Since last week's summary was written, another 3700 changesets have found their way into the mainline git repository. The most significant user-visible changes include:

New drivers have been merged for Wolfson WM9713 codecs, TI DAVINCI AC97 sound chips, Emagic Audiowerk 2 soundcards, x86 PC speakers (new driver which makes them look like sound cards), Asus AV100 (Xonar DX) sound cards, Micron MT9M001 and MT9V022 cameras, PXA27x Quick Capture cameras, Kworld ATSC 120 tuners, cx23417 MPEG encoders, Integrant ITD1000 tuners, Philips TDA10048HN-based demodulators, Philips SAA7171/3/4 audio/video decoders (the last out-of-tree IVTV driver), Auvitek AU8522 demodulators, Samsung S5H1411-based tuners, framebuffer, keyboard, and mouse virtual devices (for Xen), several Wolfson Microelectronics touchscreens, wireless Xbox 360 controllers, Zhen Hua PPM-4CH transmitters, SPCP8x5 USB to serial adaptors, NCR 53c9x SCSI controllers (replacement driver), Freescale 8610 and 5121 display interface units, Intel 965G/965GM integrated graphics controllers, TI OMAP sound controllers (including the one on the Nokia 810), Eee PC function keys, and Intel IXP4xx Ethernet devices.
There is now "basic" support for braille screen readers.
Support for the One Laptop Per Child XO architecture has been merged into the mainline.
The new virtual files found in /proc/pid/mountinfo provide information on all filesystem mounts visible to the relevant process.
The new virtual file /proc/vmallocinfo displays information on use of vmalloc space within the kernel.
The SPARC Niagara architecture now has NUMA support.
The Xen balloon driver (allowing memory to be added to or removed from virtual guests) has been merged.
By default, /dev/mem can no longer be used to access RAM; Fedora and Red Hat have applied this patch for years, but now it has found its way into the mainline.
The KVM paravirtualization subsystem now supports the S/390, PowerPC 440, and ia64 architectures.
Per-process "securebits" are supported.

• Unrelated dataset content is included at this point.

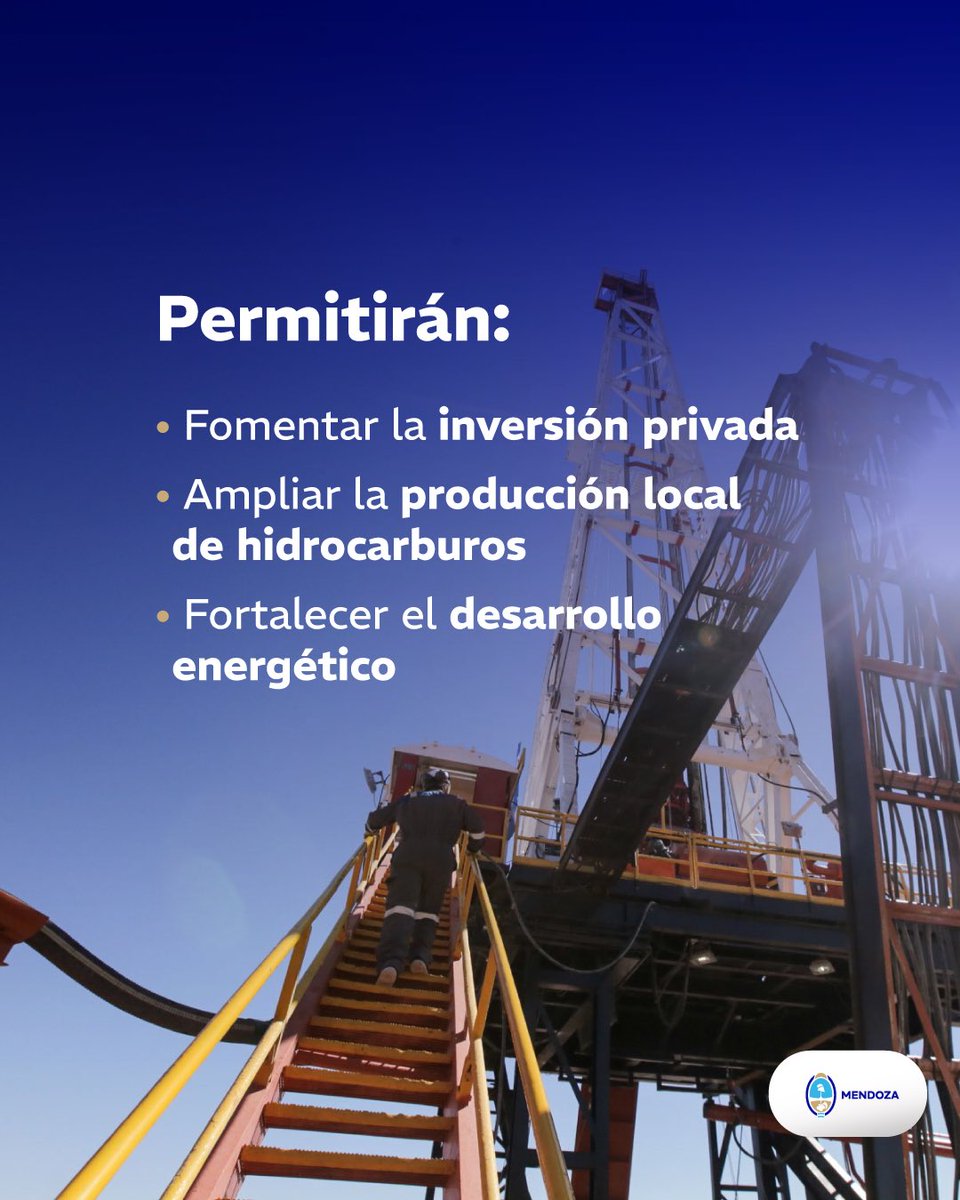 alfredocornejo's tweet photo. Lanzamos el proceso para adjudicar cinco áreas de explotación en las cuencas Cuyana y Neuquina. Son zonas con antecedentes productivos y alto potencial, que permitirán ampliar la producción local y atraer nuevas inversiones.

Con esta licitación damos continuidad al modelo que impulsa una Mendoza con oportunidades de inversión permanentes, reglas claras y procesos transparentes.

El esquema continuo y competitivo que aplicamos para las licitaciones, promueve la llegada de capitales nacionales e internacionales, genera empleo calificado y fortalece la recaudación provincial, siempre con criterios de sostenibilidad ambiental.

Seguimos trabajando para consolidar un sector energético dinámico, previsible y moderno, que potencie el desarrollo productivo de toda la provincia.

These bits control how a process's capability bits are managed; the patch is intended to help those who would transition over to a fully capability-based system. See this article for a more detailed description of this feature.
The getrusage() system call has a new RUSAGE_THREAD option which causes it to return information about the current thread only.
The device whitelist control group patch (described briefly in this article) has been merged.
It is now possible to create and use partitions with network block device (NBD) devices.
The audit subsystem can now test events against the type of the file being operated upon.
The VFS now makes backing device information available under /sys/class/bdi. Interested people can look at per-device readahead and writeback variables there.
The FUSE filesystem now supports the creation of shared writable memory mappings.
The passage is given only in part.